- Opening Delimiter -

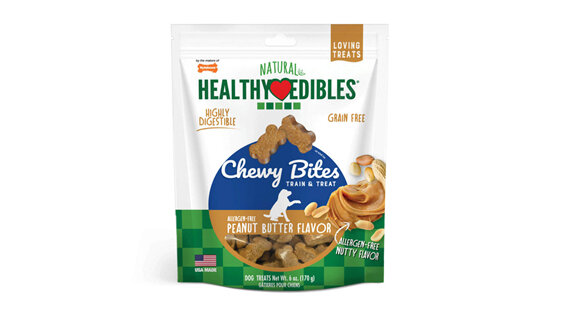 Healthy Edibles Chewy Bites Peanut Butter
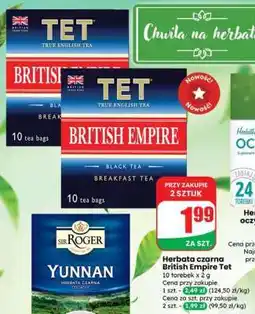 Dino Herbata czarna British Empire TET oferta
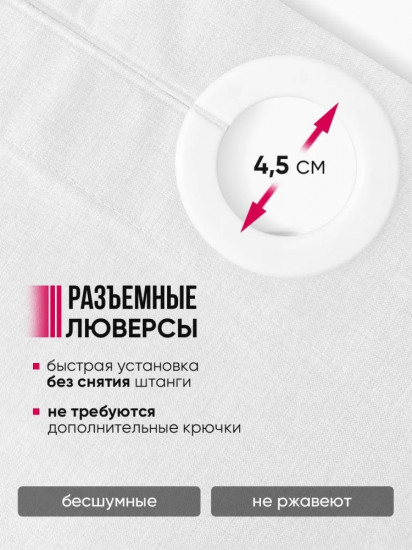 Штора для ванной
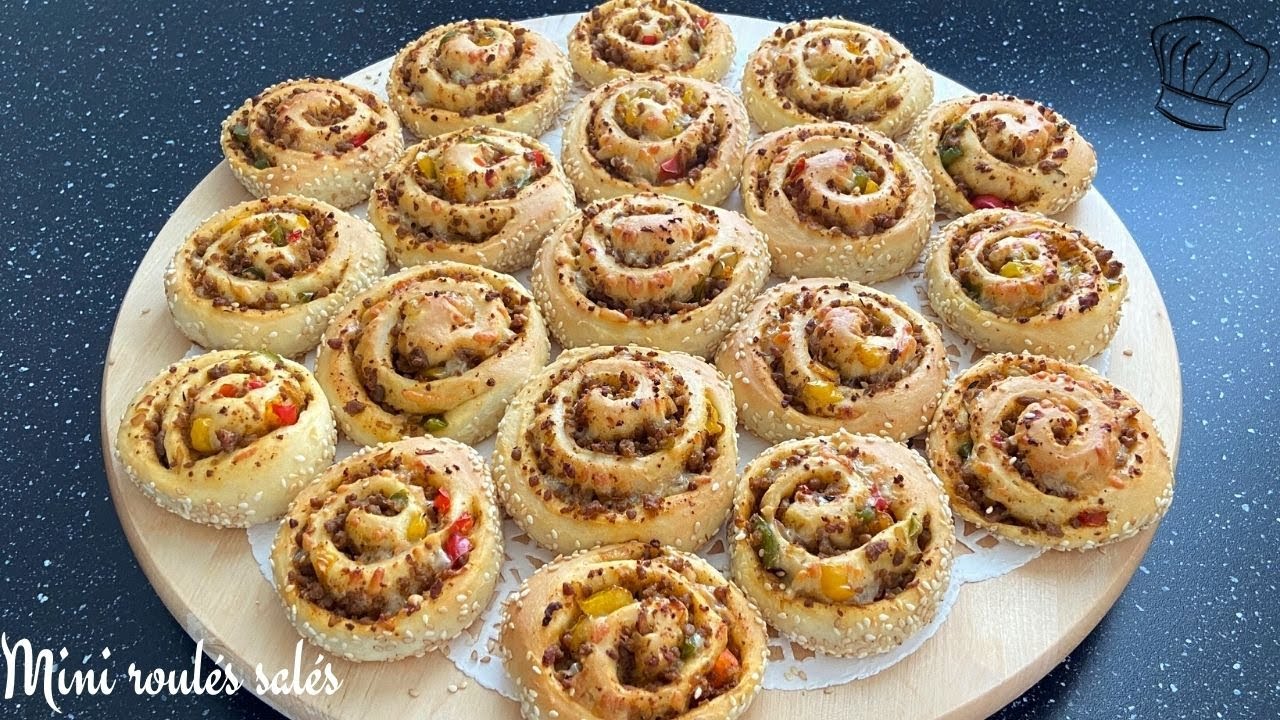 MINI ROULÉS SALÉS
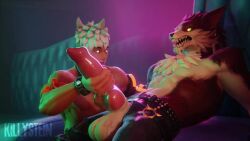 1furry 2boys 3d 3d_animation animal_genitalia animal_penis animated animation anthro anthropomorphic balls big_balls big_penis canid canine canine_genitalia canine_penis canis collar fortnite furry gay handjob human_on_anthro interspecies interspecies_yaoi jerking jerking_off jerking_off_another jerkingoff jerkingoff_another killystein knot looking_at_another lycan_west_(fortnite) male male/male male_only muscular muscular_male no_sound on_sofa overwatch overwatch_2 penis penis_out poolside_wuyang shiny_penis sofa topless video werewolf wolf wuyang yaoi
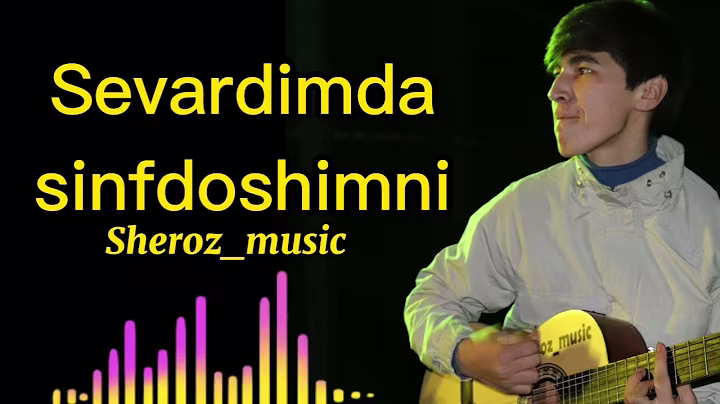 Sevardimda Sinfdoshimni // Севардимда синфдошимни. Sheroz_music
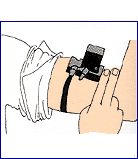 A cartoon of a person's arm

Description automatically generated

- Closing Delimiter -

YOUR INSTRUCTIONS. Everything in the records above should be printed again exactly, except the pictures.

PROBLEM SOLUTION.
 Healthy Edibles Chewy Bites Peanut Butter
 Dino Herbata czarna British Empire TET oferta
 Штора для ванной
 MINI ROULÉS SALÉS
 1furry 2boys 3d 3d_animation animal_genitalia animal_penis animated animation anthro anthropomorphic balls big_balls big_penis canid canine canine_genitalia canine_penis canis collar fortnite furry gay handjob human_on_anthro interspecies interspecies_yaoi jerking jerking_off jerking_off_another jerkingoff jerkingoff_another killystein knot looking_at_another lycan_west_(fortnite) male male/male male_only muscular muscular_male no_sound on_sofa overwatch overwatch_2 penis penis_out poolside_wuyang shiny_penis sofa topless video werewolf wolf wuyang yaoi
 Sevardimda Sinfdoshimni // Севардимда синфдошимни. Sheroz_music
 A cartoon of a person's arm

Description automatically generated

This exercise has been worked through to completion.